On the downfore question, Button explained: "Paddy (Lowe) was correct when he was talking about running more downforce than previous years. The quicker cars are doing the same sort of speed they were in previous years but they've got DRS and KERS, so we must have more downforce than previous years. It's just that we have more drag than the others, that's the only issue.

"I don't really know if we have more downforce than the other cars in front. I think that the Red Bull has a new rear wing here, which is a different DRS system, which is giving them more straightline speed. I think the Ferrari has got another engine mode, which they are using for qualifying, the Ferrari has got a very good DRS and so has the Mercedes, so I think in qualifying mode they are very quick.

"In the race it all comes back to us. You don't use DRS (for the whole lap), you don't use the engine modes that some people use in qualifying and so we will have a much better car in the race compared to our competitors. I don't think we'll have more downforce but we'll be much more competitive in the race compared to the other top teams.
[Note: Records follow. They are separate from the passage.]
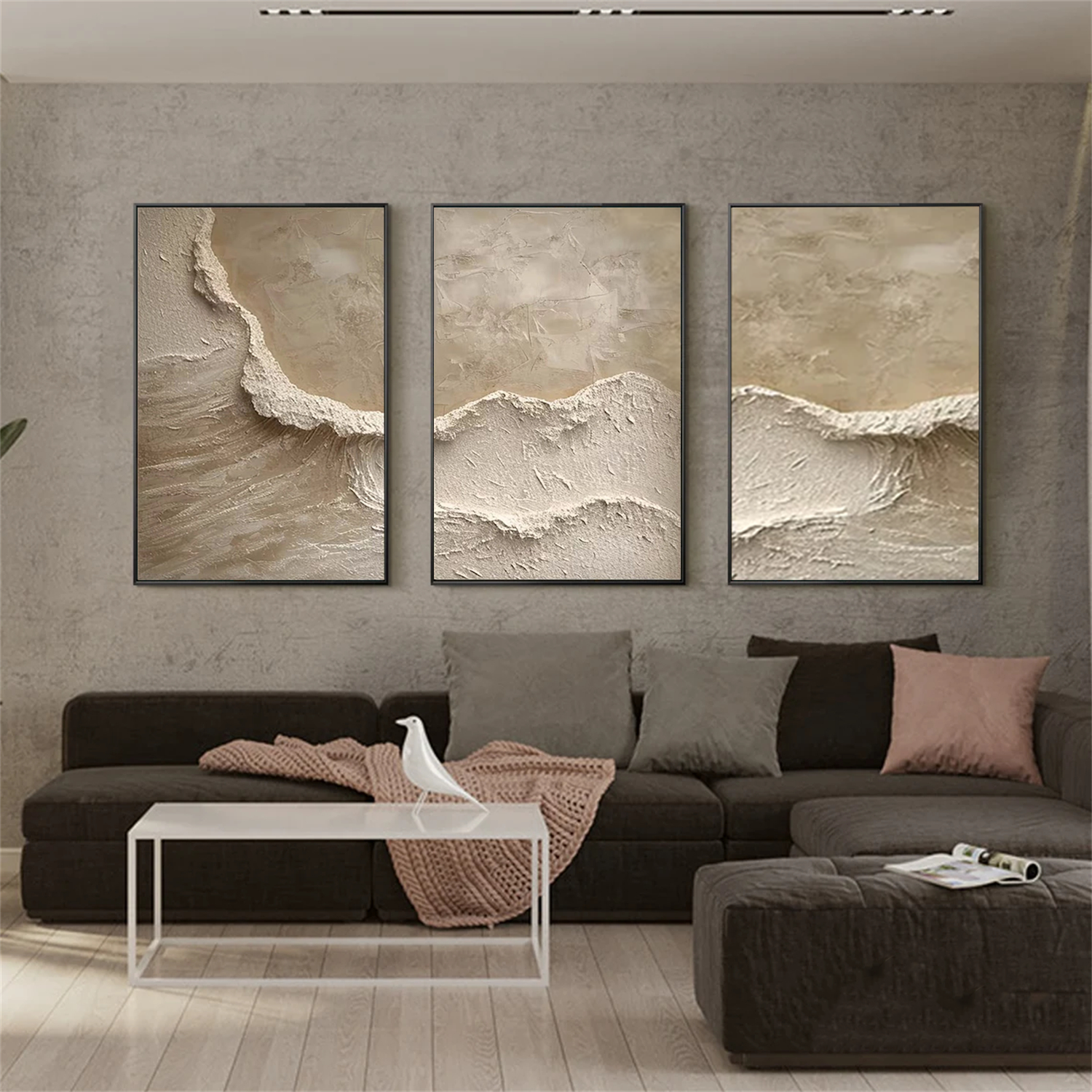 Minimalist Textured_Canvas Art Set of 3 #MD257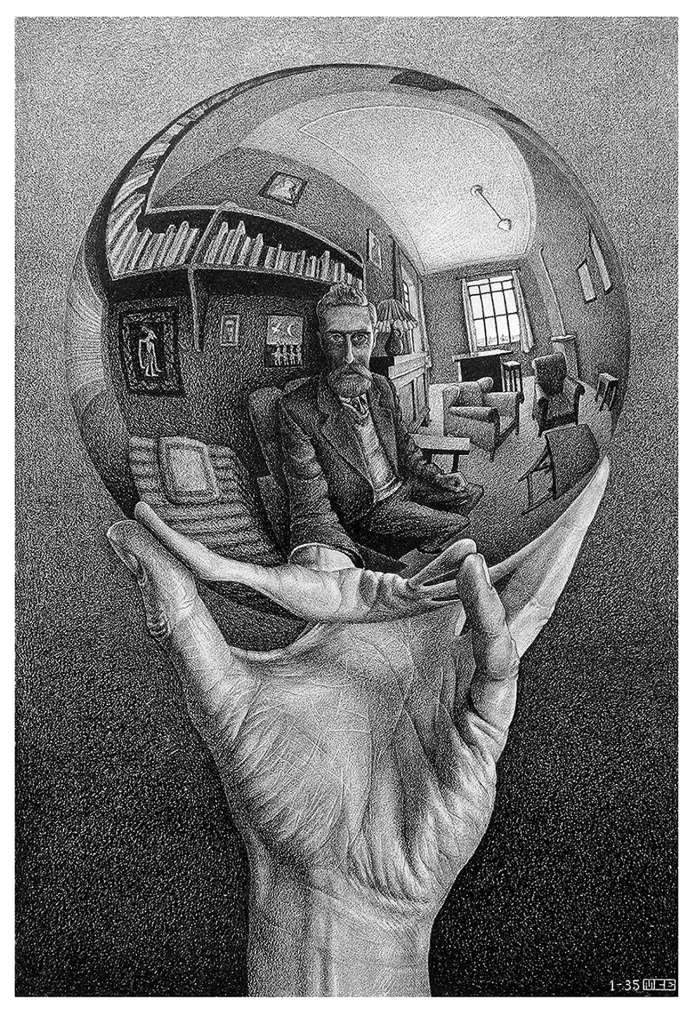immagine per Foto 1: Maurits Cornelis Escher Mano con sfera riflettente, 1935 Litografia, 31,8x21,3 cm Collezione M.C. Escher Holding, Paesi Bassi All M.C. Escher works © 2024 The M.C. Escher Company, The Netherlands. All rights reserved www.mcescher.com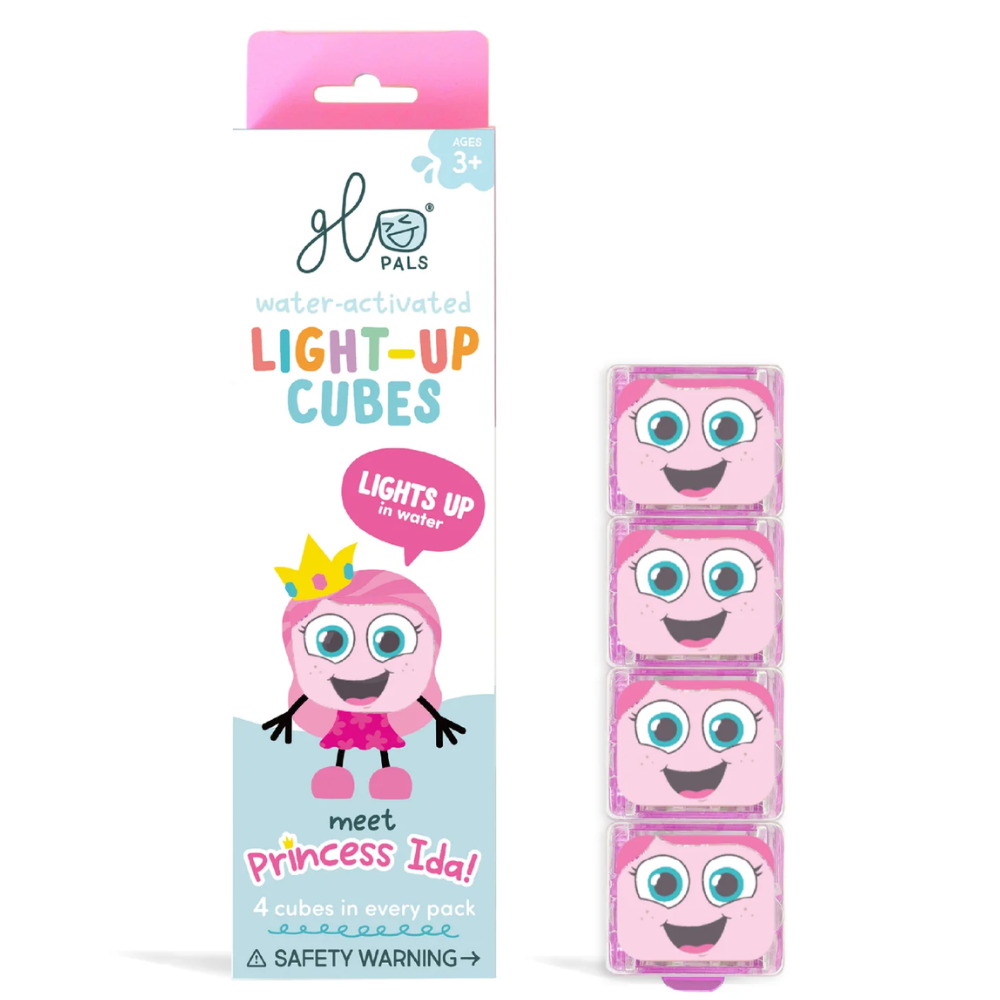 Glo Pals: Water Activated Light-Up Sensory Cubes - Princess Ida (Pink) 4pc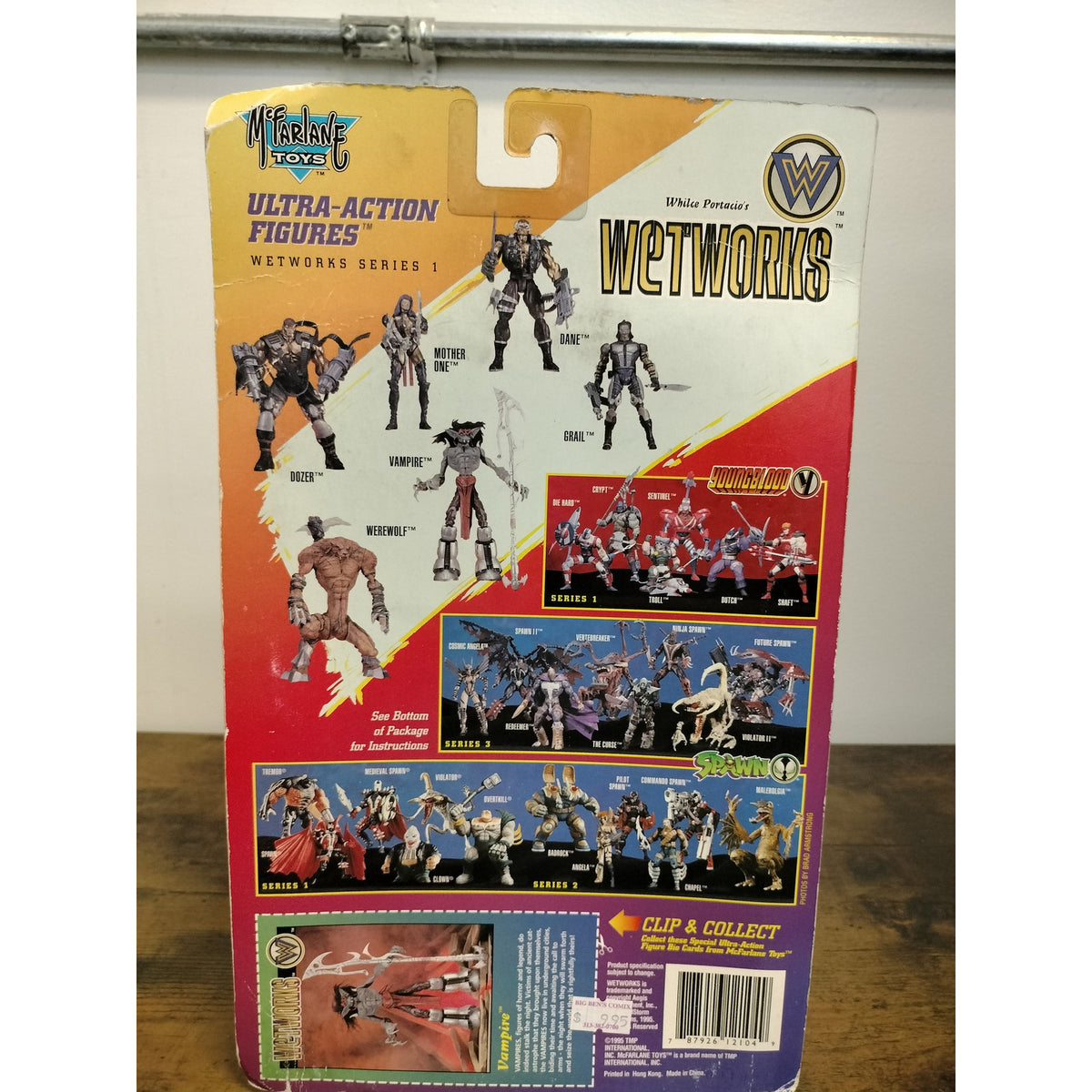 Actual Wetworks Vampire rear card showing creases and edge wear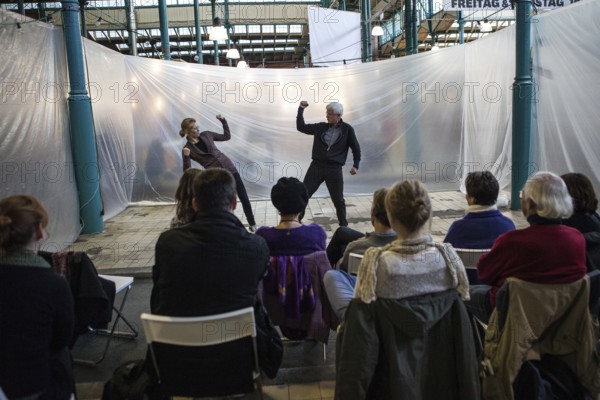 DEU Germany Germany Berlin Citizen Art Days by the artist group 'Parallel Worlds at Markthalle Neun in Berlin-Kreuzberg with a focus on post-growth economics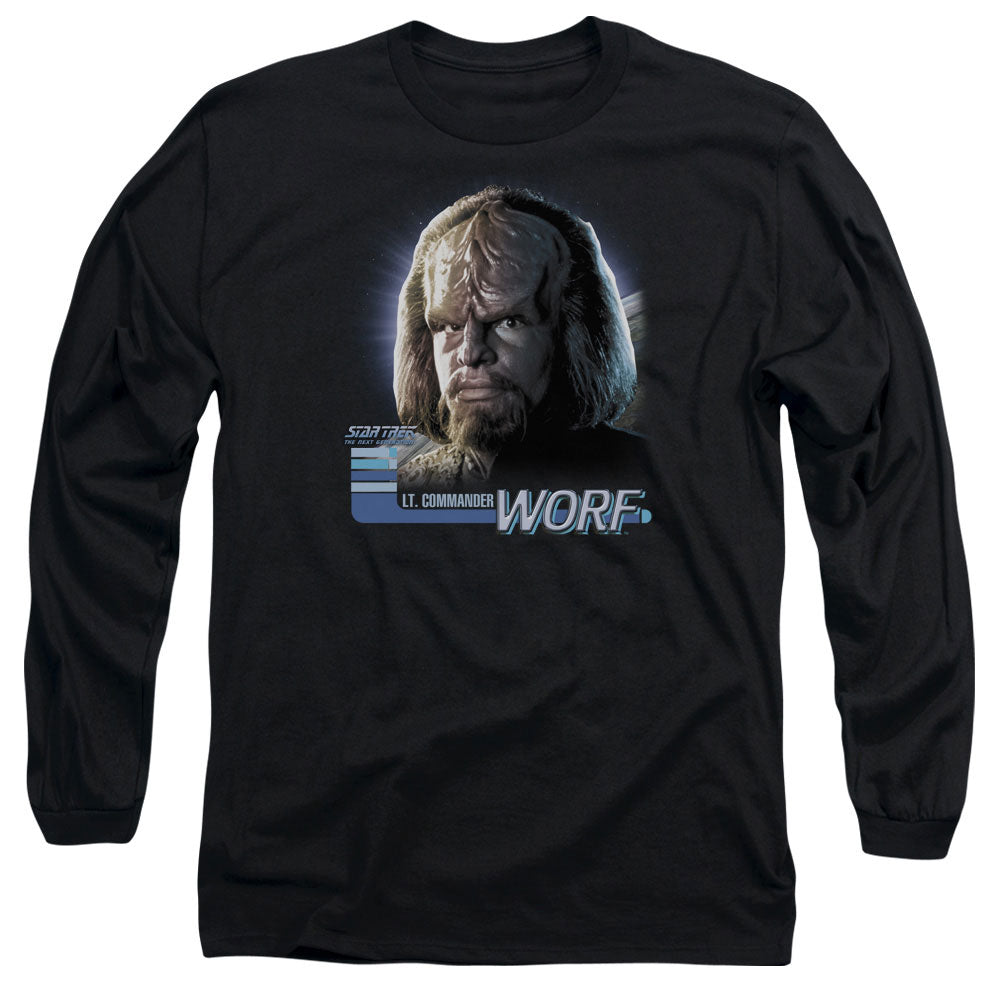 Star Trek Tng Worf Mens Long Sleeve Shirt Black Officially Licensed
If it's wet we'll make the best of it."

As to why McLaren didn't have a lower drag rear wing in Canada, Whitmarsh said: "We thought we had it right for these conditions. Until you get here and find out how much grip the tyres have, sometimes you get it wrong. I believe we could and should have had a lower drag wing here but the engineers took some decisions and decided where to prioritise the effort. That decision was made months ago because you don't dream up a rear wing in a week."